An increase in spoofing attacks on executives will happen as the fatal shooting of United Healthcare CEO Brian Thompson in 2024 raises personal safety and fears for family business leaders.
In a survey by the Ponemon Institute, sponsored by BlackCloak, a security company specializing in digital protection, more than half of security experts said hackers have personally targeted executives at this year’s organization, starting from 43% two years ago.
Approximately 40% of respondents said executives have been targeting deepfake attacks this year, from about a third of 2023. In this investigation, trusted contact spoofing is a common attack vector, with hackers requesting payment or confidential information under the guise of a security incident.
“As AI technology progresses, attackers are shifting their focus from technical exploits to human emotions using personal, well-structured social engineering tactics,” said Chris Pierson, founder and CEO of BlackCloak, in an email.
Hackers are increasingly creating fake video or audio files for executives or their families, using those techniques to steal money, steal targets, release sensitive data, and perform other actions that could potentially harm the company.
The attackers are also bolstering the targeting of executive home networks as many business leaders work remotely or frequently access corporate networks from home.
“When you look at the intelligence situation, including protecting the individuals of the wealthy, protecting them, their families and their assets is challenging to say the least,” said Anthony Carter, senior adviser at Alphamile, corporate advisor. May 15th Meeting Sponsored by the Digital Evolution Institute.
Carter said 41% of the 5.5 million high-net individuals in the US reported being victims of digital or physical crimes.
According to security company Flashpoint, cyberattacks on executives grew in the aftermath of Thompson’s killing. April, researchers Identified a website that says “Luigi is correct” This included detailed personal and business information about approximately 1,000 executives.
The site appeared to be offline on May 29th, but a new site called the CEO Database appeared on the same day.
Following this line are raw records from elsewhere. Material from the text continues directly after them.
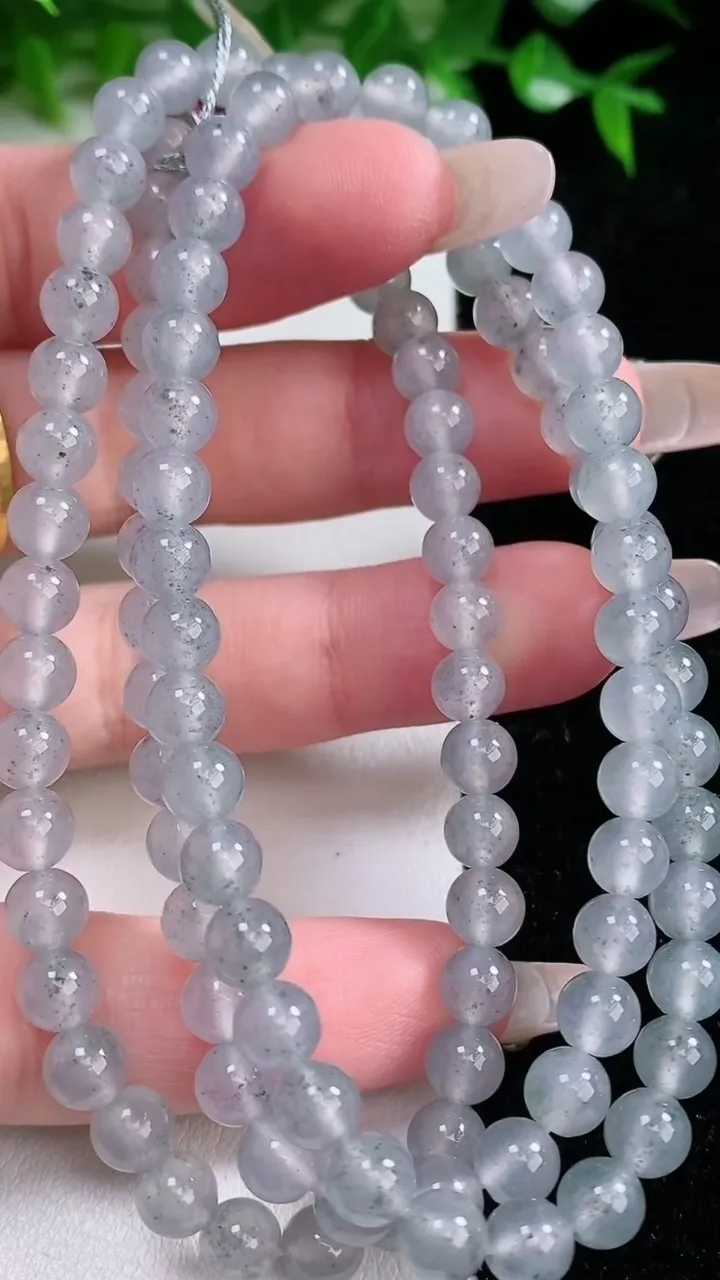 天然A货翡翠种乌鸡种圆珠项链，尺寸5.7-108颗，重量:37.18g
1月24日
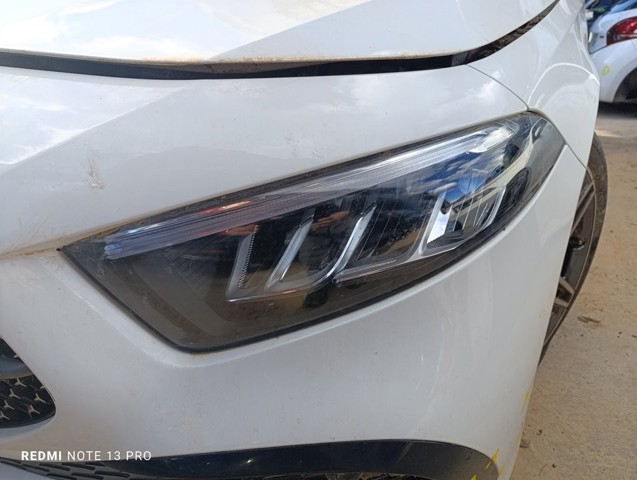 Luz esquerda A1779066304 MERCEDES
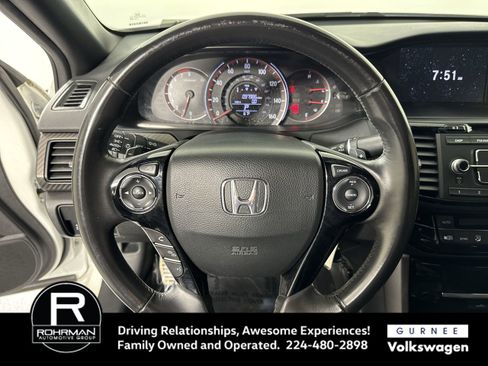 Used 2017 Honda Accord Sport image 11
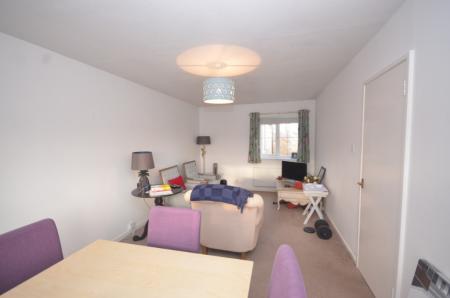 2 bedroom Flat to let in St Gerards Close, Clapham Common, Clapham, London, SW4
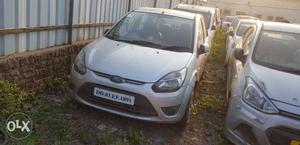  Ford Figo diesel  Kms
The website contained more information, including phone numbers and LinkedIn account information.
Researchers at Flashpoint told Cybersecurity Dive that the attacker likely developed the website to develop support and interest in the ongoing anti-execution movement in the US. And given their wealth of data, the site could help hackers get additional information about these executives.
“Based on the possibility that personal contact information exists on these websites, threat actors may use the information provided to perform additional searches on open source platforms or paid data aggregator sites, and may access additional PIIs, such as residential addresses.